## Aim of the exercise:
Stop at the line containing "GigaVideoPlayer demo level": repeat exactly every line of the entries below from the first up to it, plus that line, with pictures omitted.

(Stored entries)
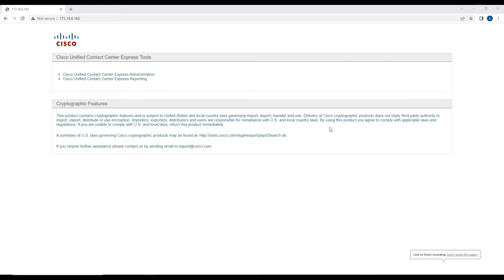Today in this video we are going to download the CCX scripting tool from the contact center page. This tool is helpful if you want to design any call flow for the contact center — for example, if you want to create an IVR or play some sort of a prompt for any type of call, you can use CCX scripting to design your call flow.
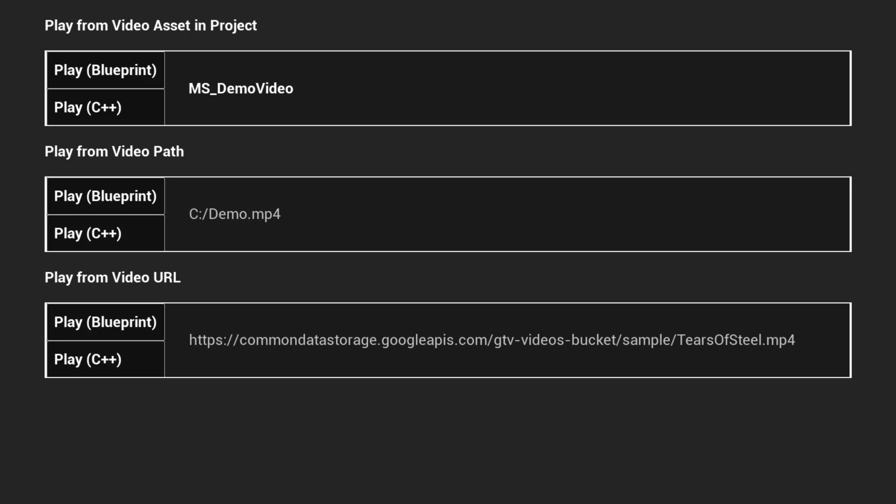GigaVideoPlayer demo level is showcasing three use cases. Play video from asset in the project, play video from path, and streaming video from URL. Each example contains both Blueprint and C++.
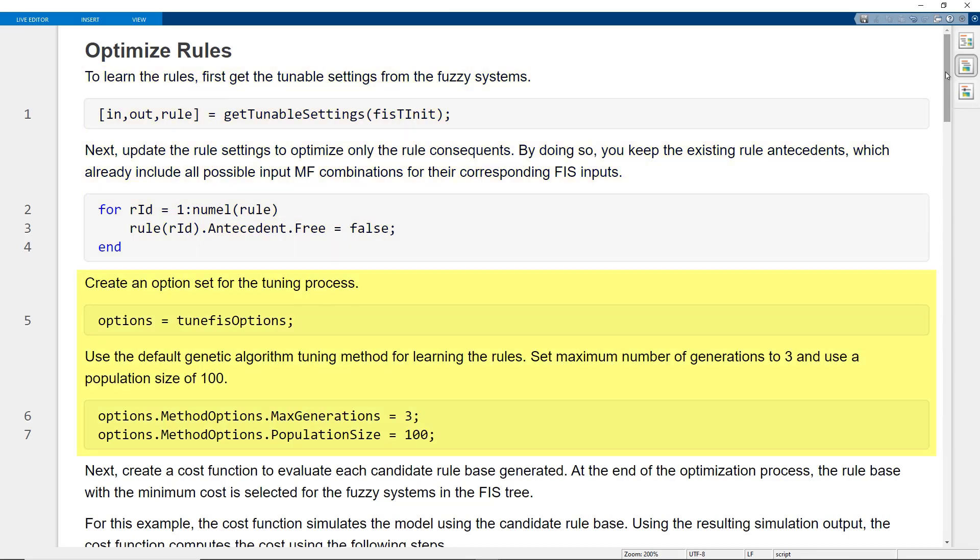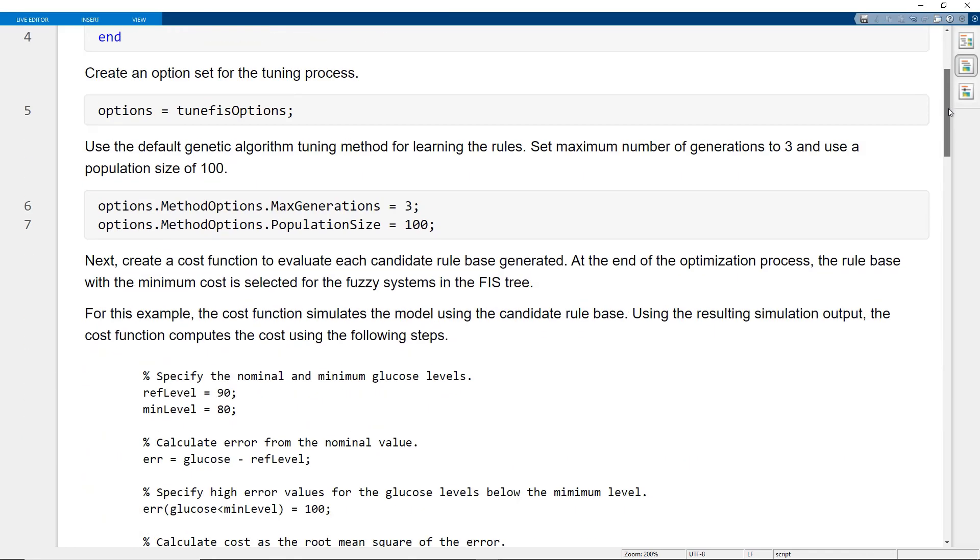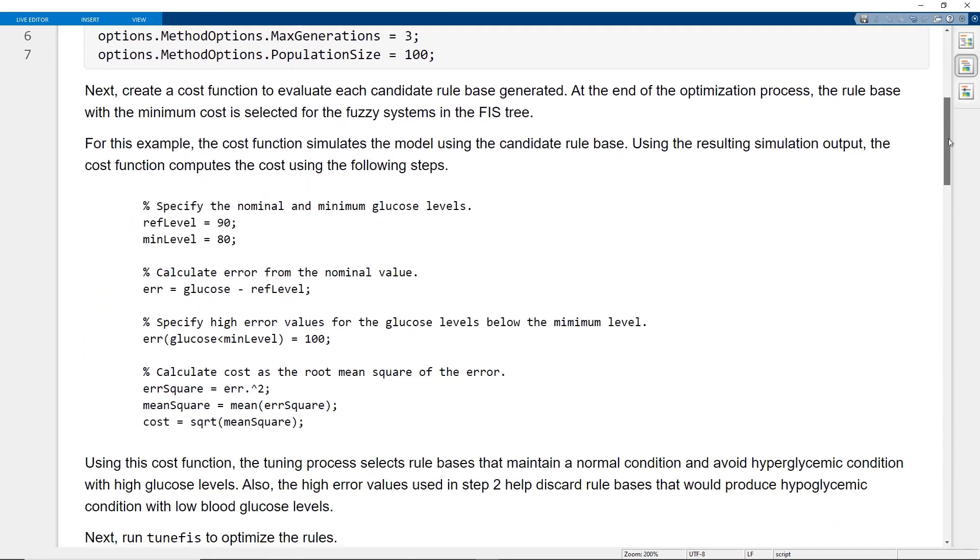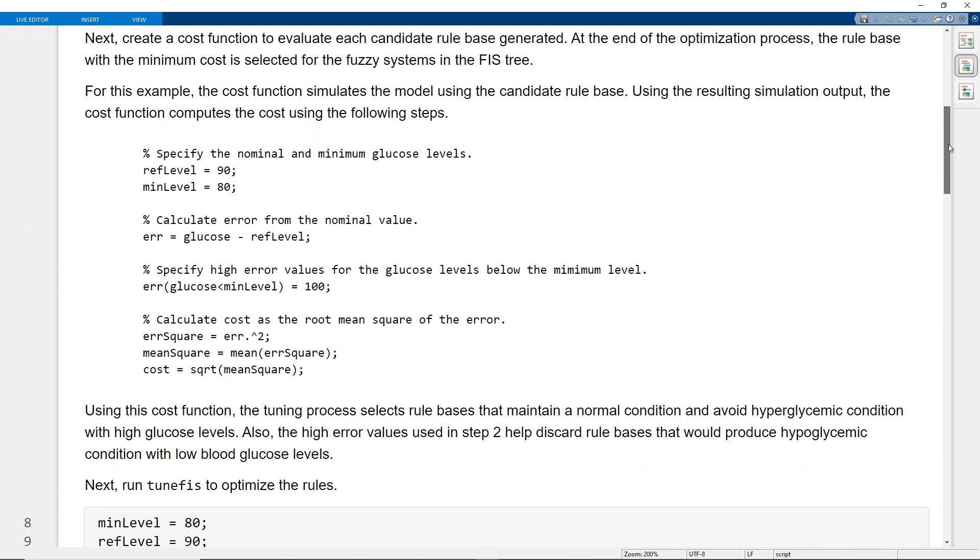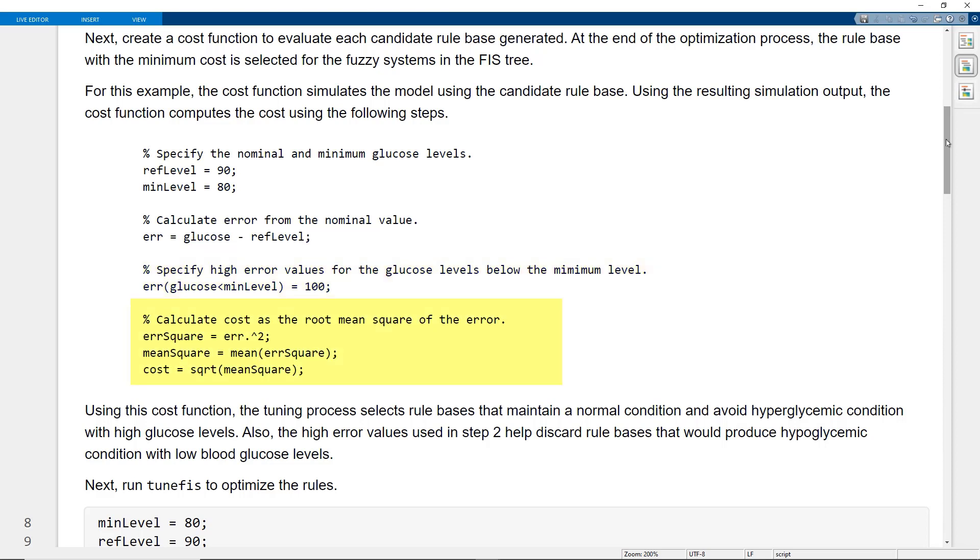Create an option set for the tuning process with genetic algorithm. Create a cost function to evaluate each candidate rule base generated in the tuning process. First, the cost function calculates errors in the observed blood glucose from a nominal glucose level. Next, the negative errors below a minimum glucose level are set to a high error value. Then, the cost is calculated as the root mean square of the error values.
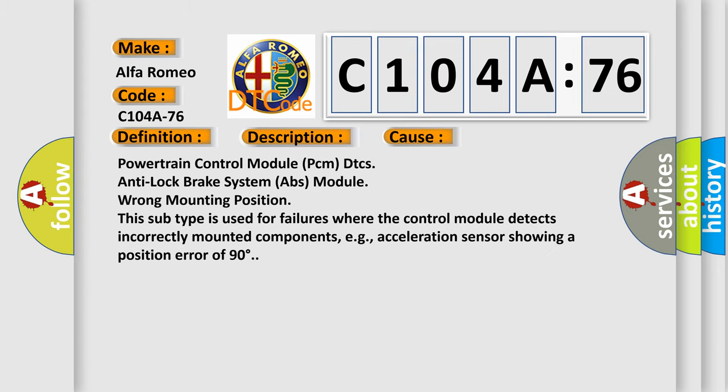This diagnostic error occurs most often in these cases: Powertrain control module PCM DTC's anti-lock brake system ABS module wrong mounting position. This subtype is used for failures where the control module detects correctly mounted components, e.g., acceleration sensor showing a position error of 90 degrees.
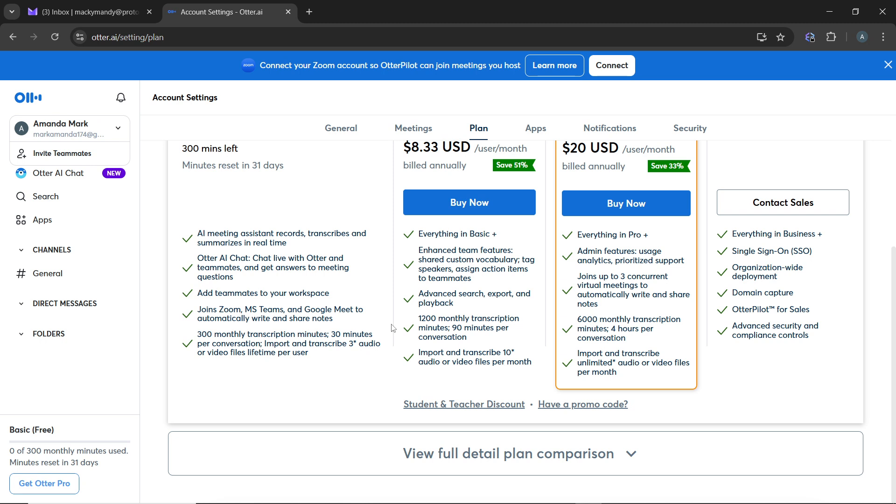To ensure that your subscription has been cancelled, you can check your plan section in your account settings. Your plan should now show as free or reflect the change you made.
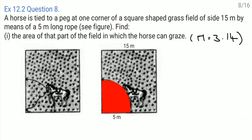Question number 8: A horse is tied to a peg at one corner of a square shaped grass field of side 15 meter by means of a 5 meter long rope. Find the area of the field in which the horse can graze, given pi equals 3.14. The length of the rope is 5 meter, so the horse can graze in a sector area — we just need the area of that sector.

## Your response:
Today in this video we are going to download the CCX scripting tool from the contact center page. This tool is helpful if you want to design any call flow for the contact center — for example, if you want to create an IVR or play some sort of a prompt for any type of call, you can use CCX scripting to design your call flow.
GigaVideoPlayer demo level is showcasing three use cases. Play video from asset in the project, play video from path, and streaming video from URL. Each example contains both Blueprint and C++.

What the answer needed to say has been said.